Saved data entries
_ _ _ _
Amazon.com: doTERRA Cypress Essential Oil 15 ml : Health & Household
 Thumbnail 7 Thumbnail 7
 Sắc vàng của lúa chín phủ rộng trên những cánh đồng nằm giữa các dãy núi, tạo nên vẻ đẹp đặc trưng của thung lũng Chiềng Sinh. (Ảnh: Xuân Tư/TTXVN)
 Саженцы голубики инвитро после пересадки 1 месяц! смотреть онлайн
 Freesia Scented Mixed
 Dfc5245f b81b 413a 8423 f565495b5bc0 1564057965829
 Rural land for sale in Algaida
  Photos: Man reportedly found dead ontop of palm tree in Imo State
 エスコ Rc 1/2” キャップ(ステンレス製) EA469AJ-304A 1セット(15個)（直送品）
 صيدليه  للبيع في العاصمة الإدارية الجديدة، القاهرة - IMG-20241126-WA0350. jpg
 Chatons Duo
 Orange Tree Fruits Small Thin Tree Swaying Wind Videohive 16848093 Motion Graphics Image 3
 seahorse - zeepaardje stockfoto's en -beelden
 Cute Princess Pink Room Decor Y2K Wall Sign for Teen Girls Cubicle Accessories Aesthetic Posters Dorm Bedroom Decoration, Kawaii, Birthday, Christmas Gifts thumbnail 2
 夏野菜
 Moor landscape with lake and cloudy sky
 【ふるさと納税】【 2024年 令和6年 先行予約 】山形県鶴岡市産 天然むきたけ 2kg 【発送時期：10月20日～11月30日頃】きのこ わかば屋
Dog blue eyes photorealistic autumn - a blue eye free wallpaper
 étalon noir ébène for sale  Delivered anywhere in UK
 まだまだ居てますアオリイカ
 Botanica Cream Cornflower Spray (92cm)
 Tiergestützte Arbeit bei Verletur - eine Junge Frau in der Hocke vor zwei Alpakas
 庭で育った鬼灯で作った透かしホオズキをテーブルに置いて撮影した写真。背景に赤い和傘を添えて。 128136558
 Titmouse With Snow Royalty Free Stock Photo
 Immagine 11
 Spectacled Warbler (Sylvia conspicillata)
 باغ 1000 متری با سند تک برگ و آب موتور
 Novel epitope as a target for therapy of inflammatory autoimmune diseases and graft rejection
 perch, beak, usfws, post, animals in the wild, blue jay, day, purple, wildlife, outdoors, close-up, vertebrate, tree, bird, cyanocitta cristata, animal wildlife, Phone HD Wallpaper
_ _ _ _
PROBLEM REQUIREMENTS: Could you reproduce exactly the lines of the entries above, from the one with "Sắc vàng của" through the one with "Novel epitope as", and nothing else?

EXPECTED ANSWER:
 Sắc vàng của lúa chín phủ rộng trên những cánh đồng nằm giữa các dãy núi, tạo nên vẻ đẹp đặc trưng của thung lũng Chiềng Sinh. (Ảnh: Xuân Tư/TTXVN)
 Саженцы голубики инвитро после пересадки 1 месяц! смотреть онлайн
 Freesia Scented Mixed
 Dfc5245f b81b 413a 8423 f565495b5bc0 1564057965829
 Rural land for sale in Algaida
  Photos: Man reportedly found dead ontop of palm tree in Imo State
 エスコ Rc 1/2” キャップ(ステンレス製) EA469AJ-304A 1セット(15個)（直送品）
 صيدليه  للبيع في العاصمة الإدارية الجديدة، القاهرة - IMG-20241126-WA0350. jpg
 Chatons Duo
 Orange Tree Fruits Small Thin Tree Swaying Wind Videohive 16848093 Motion Graphics Image 3
 seahorse - zeepaardje stockfoto's en -beelden
 Cute Princess Pink Room Decor Y2K Wall Sign for Teen Girls Cubicle Accessories Aesthetic Posters Dorm Bedroom Decoration, Kawaii, Birthday, Christmas Gifts thumbnail 2
 夏野菜
 Moor landscape with lake and cloudy sky
 【ふるさと納税】【 2024年 令和6年 先行予約 】山形県鶴岡市産 天然むきたけ 2kg 【発送時期：10月20日～11月30日頃】きのこ わかば屋
Dog blue eyes photorealistic autumn - a blue eye free wallpaper
 étalon noir ébène for sale  Delivered anywhere in UK
 まだまだ居てますアオリイカ
 Botanica Cream Cornflower Spray (92cm)
 Tiergestützte Arbeit bei Verletur - eine Junge Frau in der Hocke vor zwei Alpakas
 庭で育った鬼灯で作った透かしホオズキをテーブルに置いて撮影した写真。背景に赤い和傘を添えて。 128136558
 Titmouse With Snow Royalty Free Stock Photo
 Immagine 11
 Spectacled Warbler (Sylvia conspicillata)
 باغ 1000 متری با سند تک برگ و آب موتور
 Novel epitope as a target for therapy of inflammatory autoimmune diseases and graft rejection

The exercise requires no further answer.